Bali Balinese Internasional Nasional Nusantara Wisata & Travel Sportainment Politik Kolom Kesehatan Hiburan Features Bisnis Advertorial

Desa Batuan Jadi Lokasi TMMD ke-125, Anggarkan Rp2,5 Miliar Lebih untuk Perbaikan Infrastruktur hingga Non Fisik

I Dewa Gede Rastana • Sabtu, 10 Mei 2025 | 18:21 WIB
DIMATANGKAN: Rapat lintas OPD untuk mematangkan persiapan TMMD.
DIMATANGKAN: Rapat lintas OPD untuk mematangkan persiapan TMMD.

BALIEXPRESS.ID – Komando Distrik Militer (Kodim) 1616/Gianyar bersama Pemerintah Kabupaten Gianyar menggelar rapat koordinasi lintas organisasi perangkat daerah (OPD) untuk mematangkan persiapan pelaksanaan program TNI Manunggal Membangun Desa (TMMD) ke-125 tahun 2025.

Rapat berlangsung di Joglo Baturan Puspa Aman, Desa Batuan, Kecamatan Sukawati, Jumat (9/5/2025).

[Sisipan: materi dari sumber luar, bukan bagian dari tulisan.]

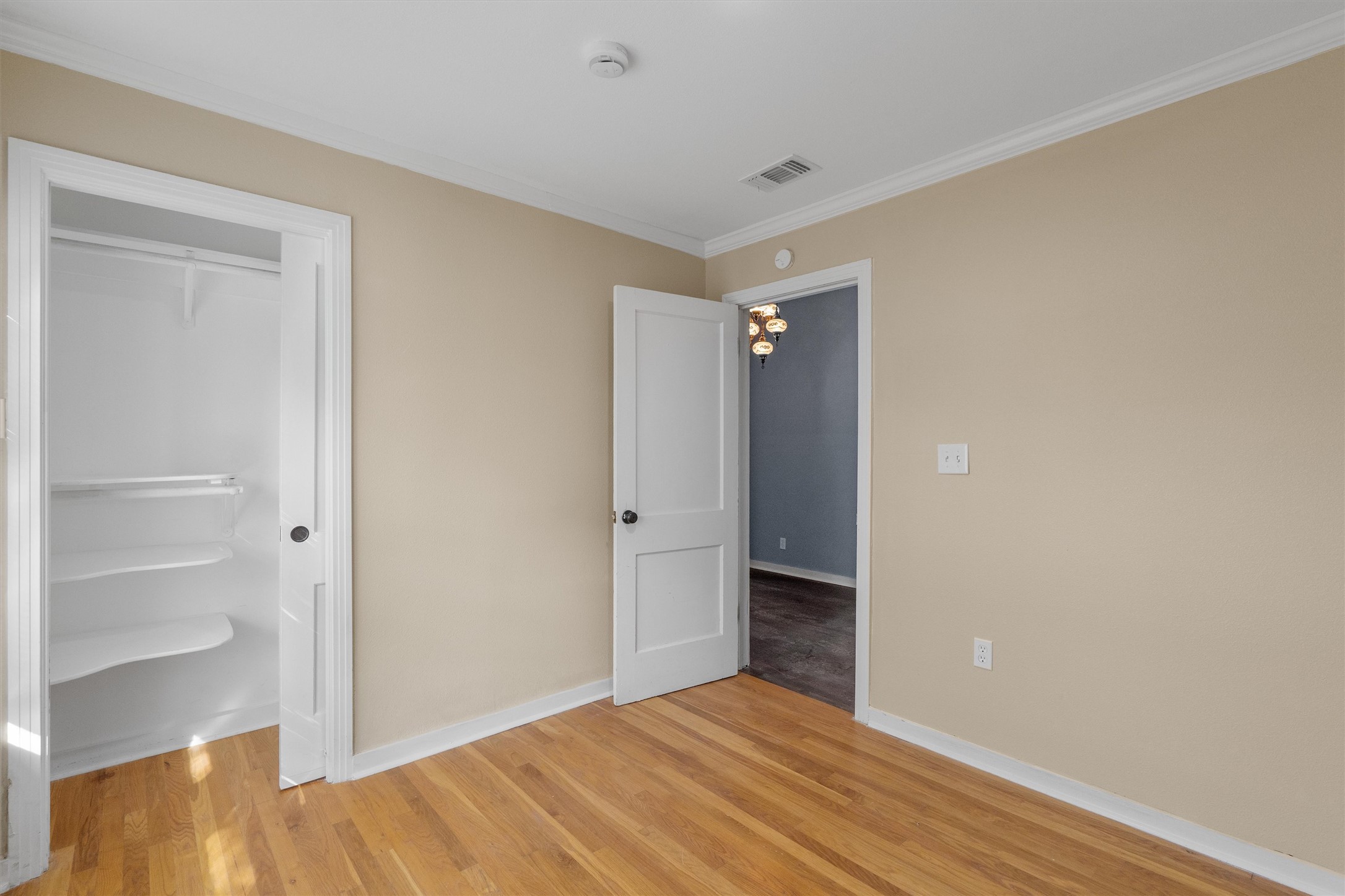 400 East Monroe Street Austin, TX 78704 - Photo 25 of 39 a view of an empty room with closet and a window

Hadir dalam rakor tersebut Dandim 1616/Gianyar Letkol Cpn. I Gede Winarsa, S.H., M.Han., Camat Sukawati I Gede Daging, S.STP., M.Si., Kepala Kantor Pertanahan Gianyar Gusti Putu Darma Astika, serta sejumlah pejabat dari OPD terkait seperti Dinas PMD, Dinas PUPR, Bappeda, hingga Inspektorat.

Unsur Forkopimcam, Perbekel Desa Batuan, tokoh adat, para pekaseh subak, serta perwakilan masyarakat juga turut hadir sebagai bagian dari sinergi lintas sektor. 

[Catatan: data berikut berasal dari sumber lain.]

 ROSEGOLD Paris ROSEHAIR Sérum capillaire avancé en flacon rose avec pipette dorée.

Dalam sambutannya, Perbekel Desa Batuan menyampaikan apresiasi atas dipilihnya wilayahnya sebagai lokasi pelaksanaan TMMD. Ia menjelaskan bahwa program TMMD 2025 akan menyasar pembangunan infrastruktur seperti pembukaan jalan baru, rehabilitasi rumah tidak layak huni (RTLH), perbaikan fasilitas MCK, hingga kegiatan non-fisik berupa penyuluhan dan penghijauan.

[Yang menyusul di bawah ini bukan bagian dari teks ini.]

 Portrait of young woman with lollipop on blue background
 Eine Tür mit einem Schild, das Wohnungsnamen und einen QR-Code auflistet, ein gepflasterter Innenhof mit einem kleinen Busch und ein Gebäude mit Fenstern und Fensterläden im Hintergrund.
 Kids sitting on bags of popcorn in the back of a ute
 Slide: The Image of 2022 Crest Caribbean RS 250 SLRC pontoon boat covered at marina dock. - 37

Pelaksanaan program dijadwalkan mulai 26 Mei 2025 selama 45 hari ke depan.

Total anggaran yang disiapkan mencapai lebih dari Rp2,58 miliar, mencakup kegiatan fisik, non-fisik, perencanaan, hingga pelaksanaan program percepatan penurunan stunting.

Dinas PMD dalam rapat tersebut menyoroti pentingnya kesiapan administrasi dan pelaporan agar kegiatan berjalan tertib dan akuntabel. Camat Sukawati juga menyatakan komitmen pemerintah kecamatan dalam mengawal pelaksanaan program agar berdampak nyata bagi masyarakat.

Kepala BPN Gianyar menegaskan bahwa legalitas lahan harus menjadi perhatian utama sebelum dimulainya pembangunan fisik. Senada dengan itu, Dinas PUPR meminta agar titik-titik pembangunan ditandai dan diukur secara akurat guna mencegah potensi sengketa lahan.

Sementara itu, Dandim 1616/Gianyar Letkol Cpn. I Gede Winarsa menyampaikan bahwa program TMMD bukan hanya soal pembangunan fisik, tetapi juga sarana mempererat kemanunggalan TNI dan rakyat. “TMMD adalah bentuk nyata kolaborasi demi kesejahteraan masyarakat desa. Kami berharap seluruh pihak ikut serta menyukseskan kegiatan ini,” tegasnya.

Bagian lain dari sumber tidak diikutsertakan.